The government has promised to continue to make available to farmers the requisite tools for their work.
The pledge is in line with the campaign by the Ministry of Food and Agriculture (MOFA) to shift from the use of rudimentary tools, which were hampering growth, to the use of appropriate machinery.
A Deputy Minister of Food and Agriculture in charge of Horticulture, Mr George Oduro, made the remark at a validation workshop for stakeholders on the draft Ghana Agricultural Engineering Policy Strategy (GAEPS) in Accra last Thursday.
Mr Oduro, who is also the Member of Parliament (MP) for New Edubiase in the Ashanti Region, said the government's commitment to ensure that farmers used the right tools was because rudimentary tools made farming a drudgery and unattractive for the youth.
"On other continents such as the Americas, Europe and Asia, the application of technologies in agriculture has revolutionised farming and continues to do so," he said.
He said all partners in agriculture had recognised the increasing need for mechanisation across the agriculture value chain.

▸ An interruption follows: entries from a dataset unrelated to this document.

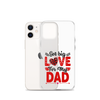 Got Big Love For My Dad Clear Case for iPhone®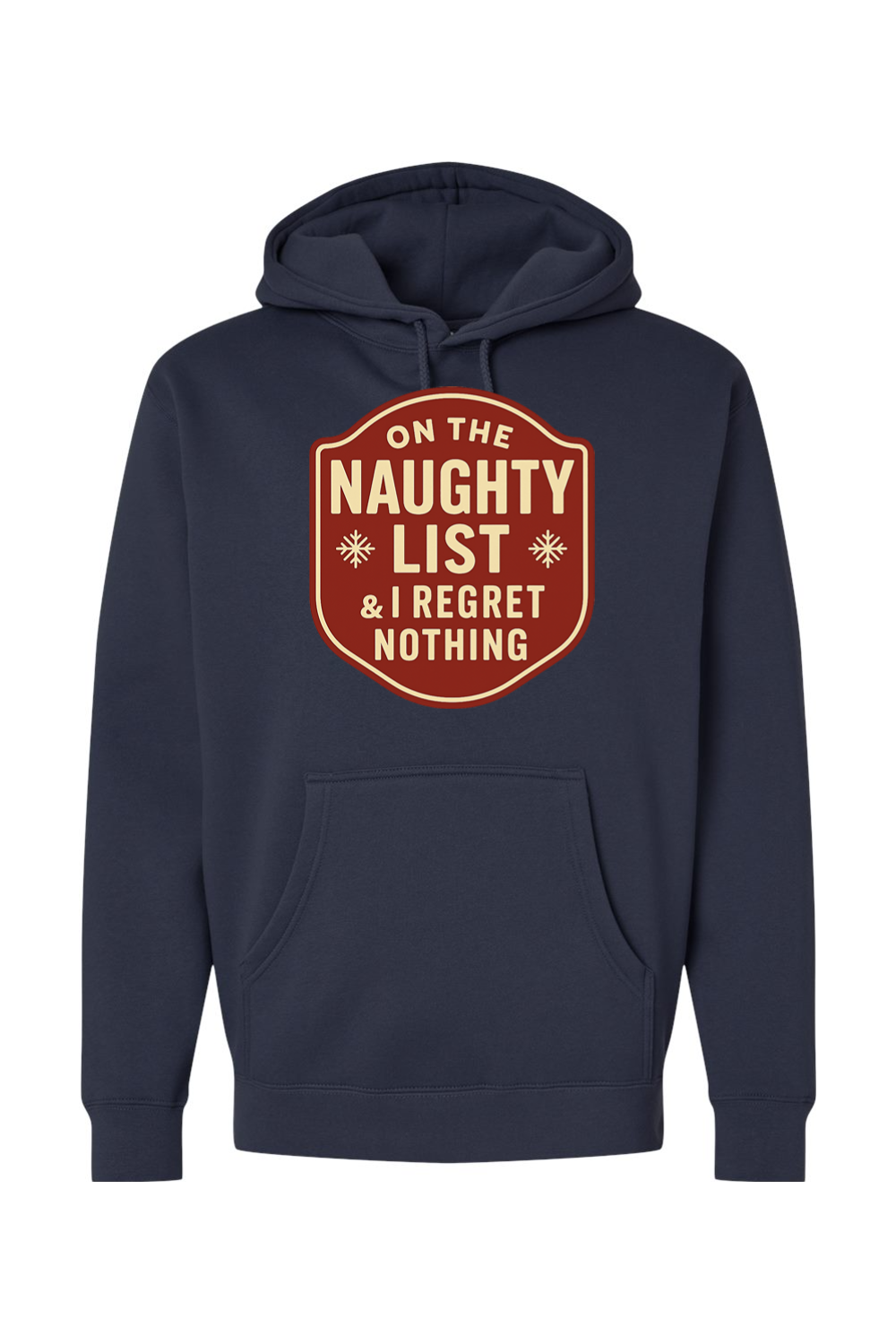 Navy blue Christmas hoodie with "On the Naughty List & I Regret Nothing" text in badge design with 2 snowflakes funny sarcastic holiday humor long sleeve hooded sweatshirt
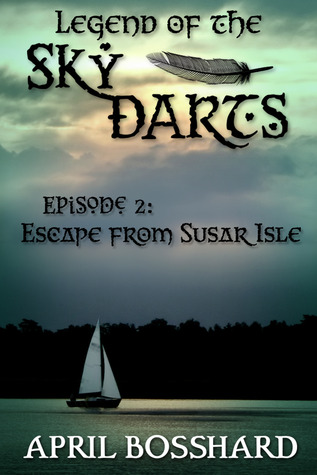 Escape from Susar Isle (Legend of the Sky Darts, #2)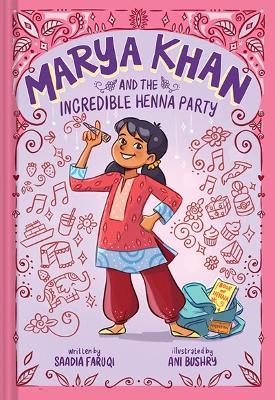 Marya Khan and the Incredible Henna Party (Marya Khan #1) book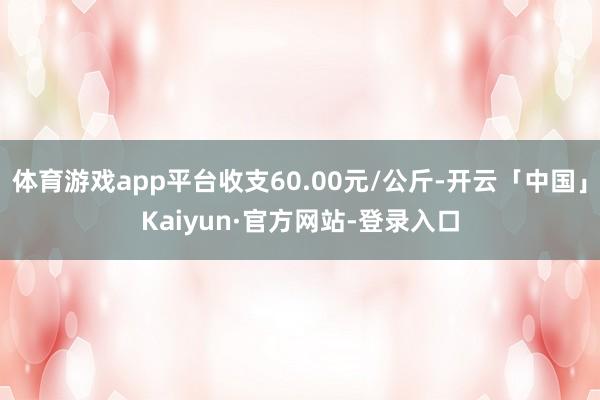 体育游戏app平台收支60.00元/公斤-开云「中国」Kaiyun·官方网站-登录入口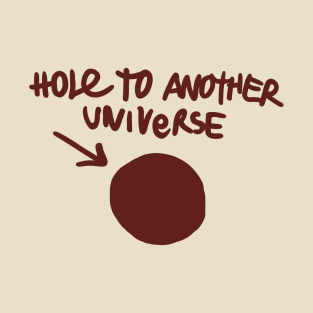 Life is Strange's Hole To Another Universe T-Shirt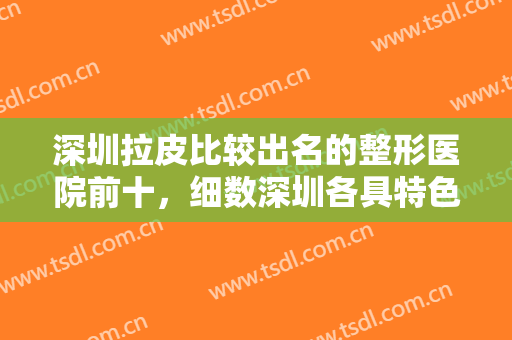 深圳拉皮比较出名的整形医院前十，细数深圳各具特色的拉皮整形医院，附价格表！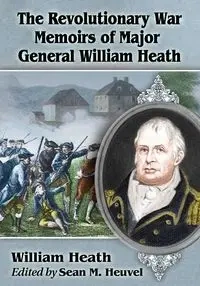 The Revolutionary War Memoirs of Major General William Heath - Heath William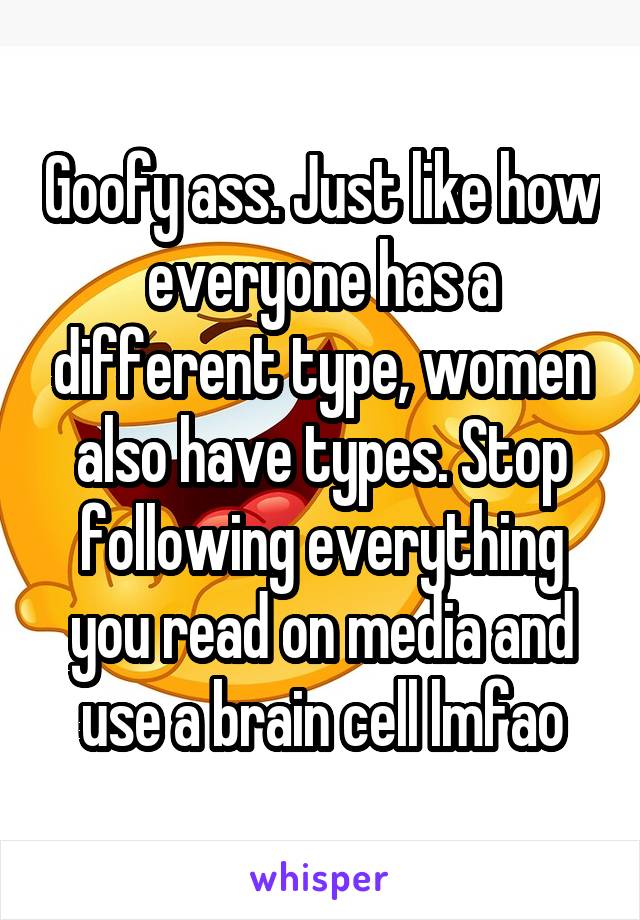 Goofy ass. Just like how everyone has a different type, women also have types. Stop following everything you read on media and use a brain cell lmfao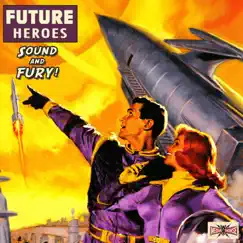 Sound and Fury by Future Heroes album reviews, ratings, credits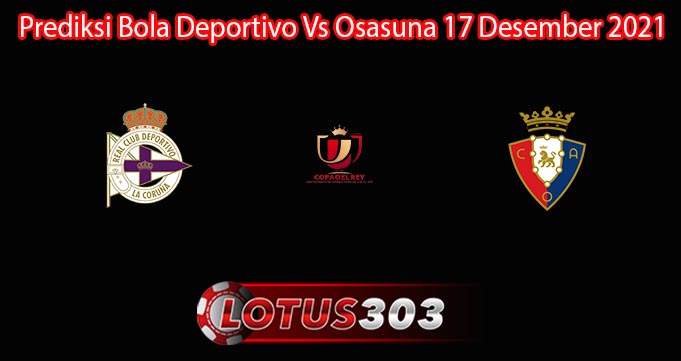 Prediksi Bola Deportivo Vs Osasuna 17 Desember 2021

"In 2014, through the Malabo Declaration, the African Union (AU) recognised the importance of having machines that were suitable, reliable and affordable when it comes to accelerating agricultural growth in Africa," he added.
Mr Oduro said agricultural mechanisation contributed effectively to efficiency and productivity of all other inputs such as seeds, water, labour and time.
He said MOFA was aware of that and had rolled out several policies and programmes, with the most recent being the Food and Agricultural Sector Development Policy and the Medium Sector Agricultural Implementation Plan.
He said the ministry had also enabled small holder farmers to have access to various kinds of machinery specially configured for them under the Agricultural Mechanisation Services Enterprise Centres (AMSEC).
A representative of the Food and Agricultural Organisation (FAO), Mr Benjamin Adjei, said the FAO was happy when the MOFA approached it to get the Ghana Agricultural Engineering Policy Strategy (GAEPS) drafted.
He said the country had over the years initiated various mechanisation programmes with varying successes, adding that there was the need to gain a better grip of all the efforts, hence the policy.
He said if well implemented the GAEPS would improve the agriculture sector and drive the government's flagship programmes.
The Director of the Engineering Services Directorate (AESD) of MOFA, Mr Amatus K.B. Deyang, said in partnership with the FAO, the draft document had been completed and would guide the country on the appropriate forms of engineering technologies for agriculture that were consistent with our farming practices.
He said following several reviews of the policy, the draft report was now ready and was being presented to the participants at the meeting for validation.
Welcoming the participants, the Acting Chief Director of MOFA, Mr Patrick Robert Ankobeah, said having machinery per se would not ensure productivity if there were no guidelines to ensure their coordinated use.
He encouraged the participants therefore to make contributions that would enrich the document.
The GAEPS seeks to contribute to the agriculture sector through in order to on the use of appropriate technology to ensure food security and environmental conservation and sound economic management.